Ce DVD est l’occasion idéale pour décou­vrir ou appro­fondir Manon Lescaut. La pro­duc­tion lon­doni­enne de Covent Gar­den en 2014 est par­faite, musi­cale­ment et scénique­ment. Le chef anglo-ital­ien Anto­nio Pap­pano dirige l’ensemble, sans baguette, avec une grande finesse mais aus­si une grande énergie et forte déter­mi­na­tion et avec une superbe dis­tri­b­u­tion. Jonas Kauf­mann tout d’abord, à juste titre le plus célèbre ténor actuel, nous enchante de sa voix chaude et de son style par­faite­ment adap­té à la musique vériste. Le ténor alle­mand chan­tant en ital­ien le rôle d’un étu­di­ant parisien (lisant Camus) est par­faite­ment crédi­ble. Sa parte­naire Kris­tine Opo­laïs a atteint désor­mais une recon­nais­sance inter­na­tionale par­faite­ment jus­ti­fiée, avec les qual­ités qu’elle mon­tre dans cette pro­duc­tion en Manon, capa­ble de faire ressen­tir la souf­france et les sen­ti­ments douloureux, comme la joie de vivre et le désir. Les deux bary­tons jouant les rôles mau­vais de l’affreux frère Lescaut et du bar­bon libidineux Géronte sont absol­u­ment au niveau d’une bonne représen­ta­tion de Covent Garden.
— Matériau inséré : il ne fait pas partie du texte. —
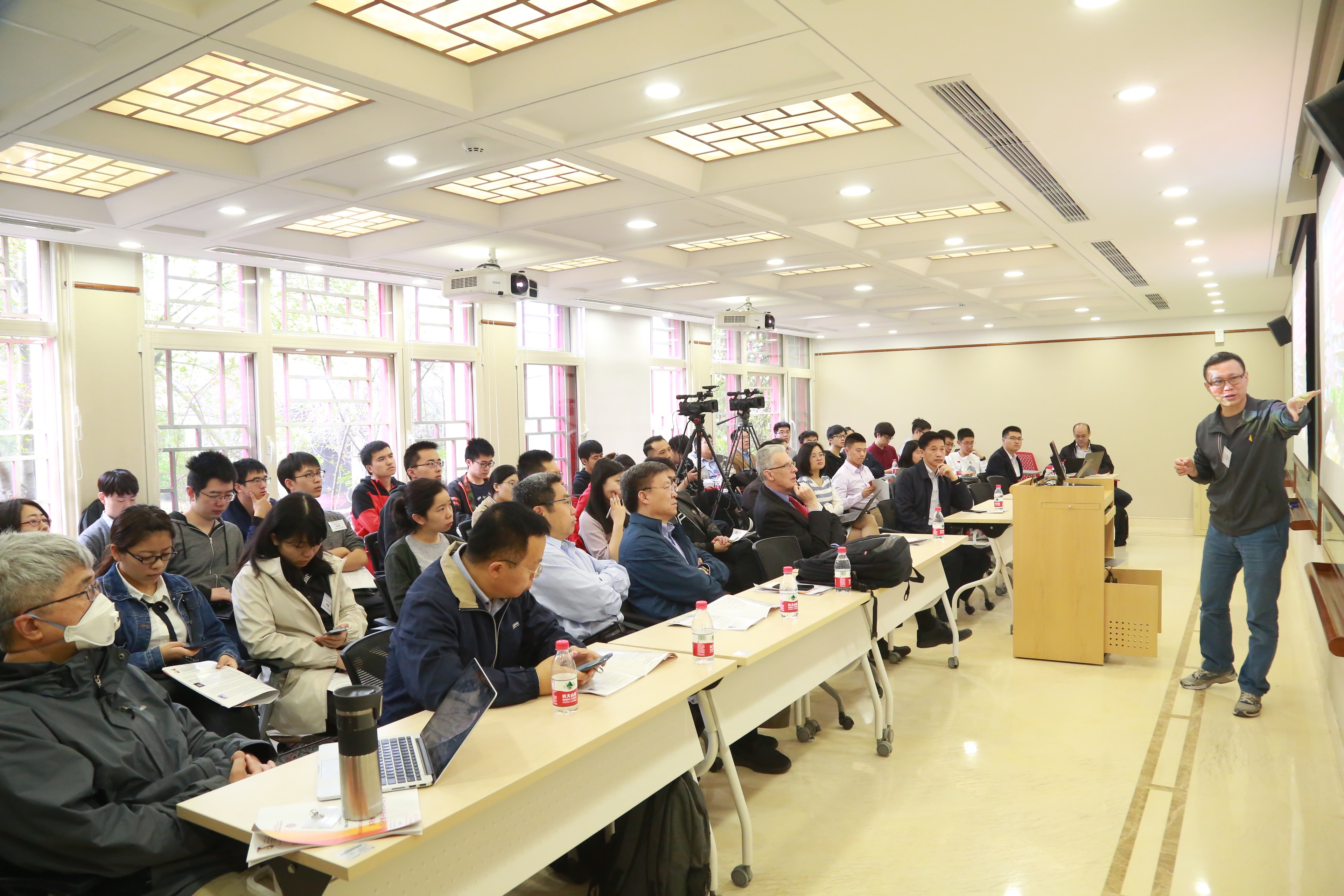 20180404BET伟德官方网站前沿计算研究中心第一届青年论坛成功举办03.JPG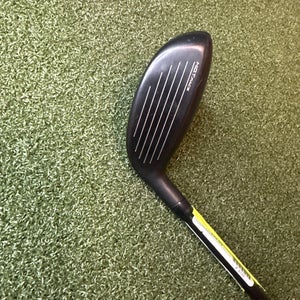 Cobra Darkspeed Right Handed Hybrid 3H (#4749)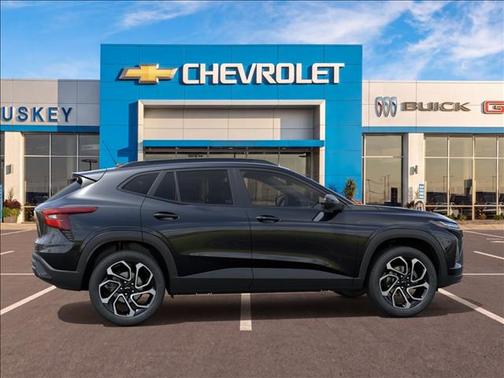 Mosaic Black Metallic 2026 Chevrolet Trax FWD 2RS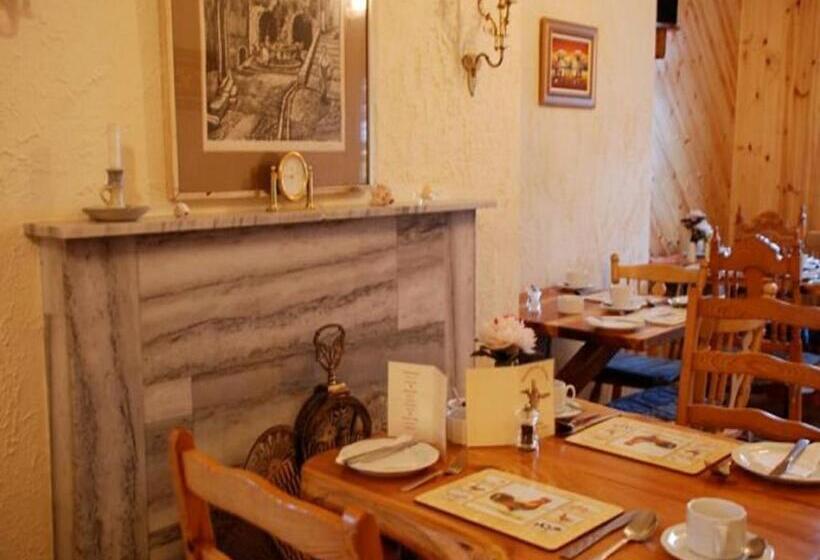 צימר Hawthorn House Guesthouse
La scéno­gra­phie, on l’a dit, est très réussie. Défini­tive­ment tran­scrit à l’époque mod­erne, les jeunes étu­di­ants ressem­blent aux ado­les­cents d’Amer­i­can Pie ou autres films d’ado hol­ly­woo­d­i­ens. Le décor tour­nant représente tour à tour un immeu­ble design, une salle de jeu, l’appartement mod­erne classe et en même temps de très mau­vais goût de Manon dev­enue cocotte qui passe trois actes très court vêtue, un plateau de jeu télévisé où un présen­ta­teur gom­iné fait son choix pour le départ aux Amériques, et le désert améri­cain et toute sa sécher­esse. L’allumeur de réver­bères du troisième acte devient un éclairag­iste du théâtre mod­erne de Covent Gar­den, et ain­si de suite.

Un dernier mot au sujet du célèbre, et superbe­ment joué, inter­mez­zo, placé entre les sec­ond et troisième actes, il reprend pour­tant les thèmes du qua­trième acte, mon­trant que la souf­france et la mort du dernier acte sont déjà toutes entières dans la sit­u­a­tion de fin du sec­ond acte. La musique de cet inter­mez­zo (et donc de la mort de Manon au qua­trième acte) est issue d’une très belle œuvre antérieure de Puc­ci­ni, le Quatuor Crisan­te­mi (Les Chrysan­thèmes, 1890), morceau par­ti­c­ulière­ment poignant.